Seven’s much hyped new series Desperate Housewives debuted last night drawing large crowds away from rival networks.
Two point four eight four million people.
Repeat, 2.484 million people watched the new Seven network series, Desperate Housewives last night. That’s the biggest debut audience for a new series for years.
It equalled some of the audiences for the one-off tennis matches involving Lleyton Hewitt and Alicia Molik last week and was 600,000 more than Seven’s hit from last year, Dancing with the Stars.
It squashed everything. A first run episode of Nine’s Cold Case, National Nine News and the new Nine variety program, Starstruck, which did very well in its own right with 1.58 million viewers.
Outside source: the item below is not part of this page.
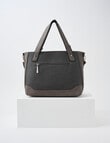 Pronta Moda Textured Buckle Tote Bag, Pewter product photo View 02 S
The attempt by Nine to draw viewers from Seven at 8.30pm when Housewives was due to start failed. Starstruck ran well past its 8.30pm finish, but Seven allowed the first new episode for 2005 of The Great Outdoors to overrun also. It attracted a handy 1.186 million (but was buried by Starstruck).
When Desperate Housewives started on Seven, Nine was in an advertising break, making switching networks much easier.
Now Seven has great hopes for the debut of Lost on Thursday evening, another of its US shows that was greatly promoted during the Australian Open Tennis broadcasts.
The huge numbers for Housewives were echoed in the five main markets. It was the most watched program in Sydney with 730,434 viewers, a massive 821,081 in Melbourne (are they more “desperate” down south?), 369,132 in Brisbane, 240,317 in Adelaide and a big 323,168 in Perth. In each market it was by far the most popular program.
Starstruck for Nine debuted well, with 1.581 million viewers. A good start. Not of Idol proportions, but seeing it’s a different sort of show (but lacking in originality of performance), the audiences numbers would have been gratifying for what is essentially a ‘stopper’ program for the X-Factor on Ten from next week.
Nine News also did well, with 1.412 million people, which was around 118,000 in front of Seven News.
More worrying for Nine was the easy beating Seven’s Today Tonight administered to A Current Affair, thanks to a large turn-off of viewers.
TT pulled 1.373 million viewers, a lift of almost 80,000 on Seven news. But ACA was watched by 1.236 million, down a massive 176,000 people from the 6 pm News.
ACA won in Sydney and Melbourne, but lost heavily in Brisbane, Adelaide and Perth, so the loss was mitigated to some extent.
Desperate Housewives figures show that it had 52% of the available viewers between 8.30pm to 9.30pm. It peaked at 2.65 million viewers. It had more than 50% across all demographics, with big shares in the 16 to 24, 25 to 39 and 16 to 39 and 18 to 49 age groups.
In other words, it delivered for Seven across the entire audience (unlike Australian Idol which skews heavily to the 16 to 39).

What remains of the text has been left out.